Shear-driven formation of olivine veins by dehydration of ductile
serpentinite: a numerical study with implications for transient
weakening
Abstract
Serpentinite subduction and the associated formation of dehydration
veins is important for subduction zone dynamics and water cycling. Field
observations suggest that en-échelon olivine veins in serpentinite
mylonites formed by dehydration during simultaneous shearing of ductile
serpentinite. Here, we test a hypothesis of shear-driven formation of
dehydration veins with a two-dimensional hydro-mechanical-chemical
numerical model. We consider the reaction antigorite + brucite =
forsterite + water. Shearing is viscous and the shear viscosity
decreases exponentially with porosity. The total and fluid pressures are
initially homogeneous and in the antigorite stability field. Initial
perturbations in porosity, and hence viscosity, cause fluid pressure
perturbations. Dehydration nucleates where the fluid pressure decreases
locally below the thermodynamic pressure defining the reaction boundary.
Dehydration veins grow during progressive simple-shearing in a direction
parallel to the maximum principal stress, without involving fracturing.
The porosity evolution associated with dehydration reactions is
controlled to approximately equal parts by three mechanisms: volumetric
deformation, solid density variation and reactive mass transfer.
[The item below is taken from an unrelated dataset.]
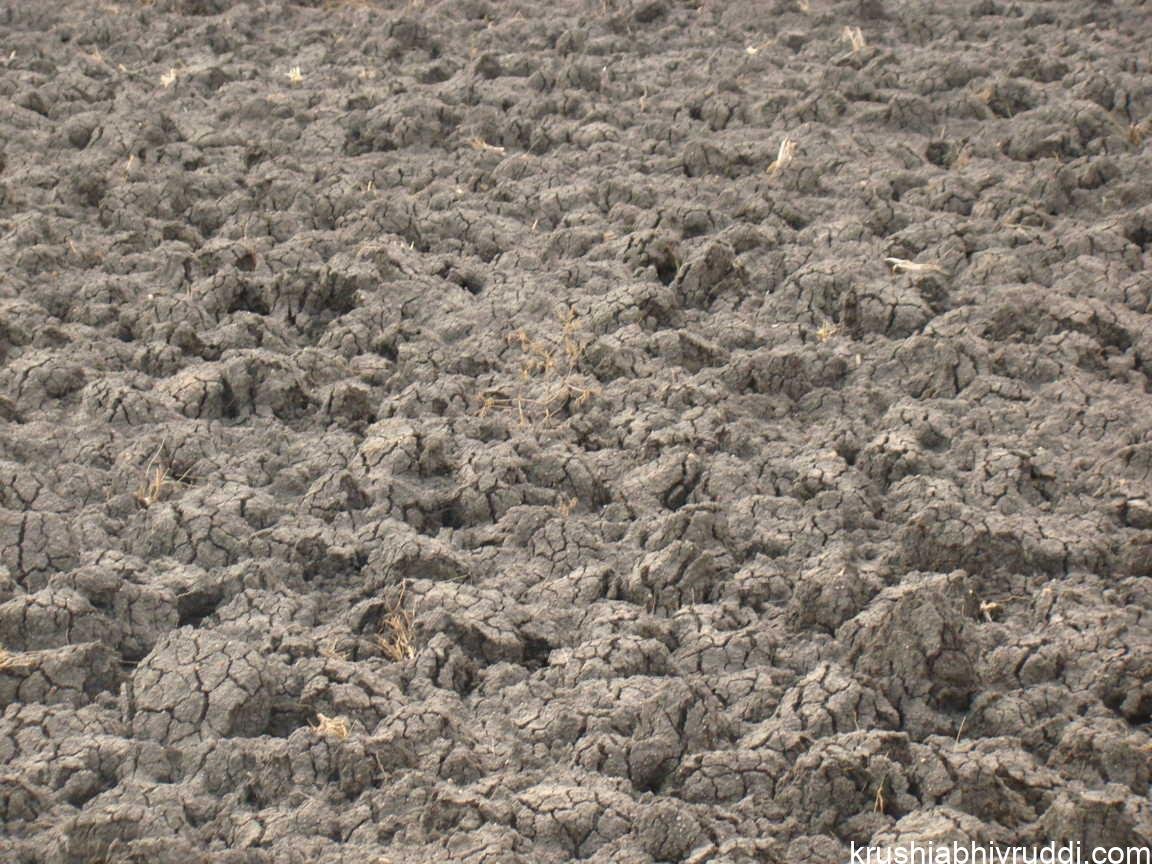 Aerobic vs Anaerobic Soil Conditions: How They Affect Plant Growth and Health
The
temporal evolution of dehydration veins is controlled by three
characteristic time scales for shearing, mineral-reaction kinetics and
fluid-pressure diffusion. The modelled vein formation is self-limiting
and slows down due to fluid flow decreasing fluid pressure gradients.
Mineral-reaction kinetics must be significantly faster than
fluid-pressure diffusion to generate forsterite during vein formation.
The self-limiting feature can explain the natural observation of many,
small olivine veins and the absence of few, large veins. We further
discuss implications for transient weakening during metamorphism and
episodic tremor and slow-slip in subduction zones.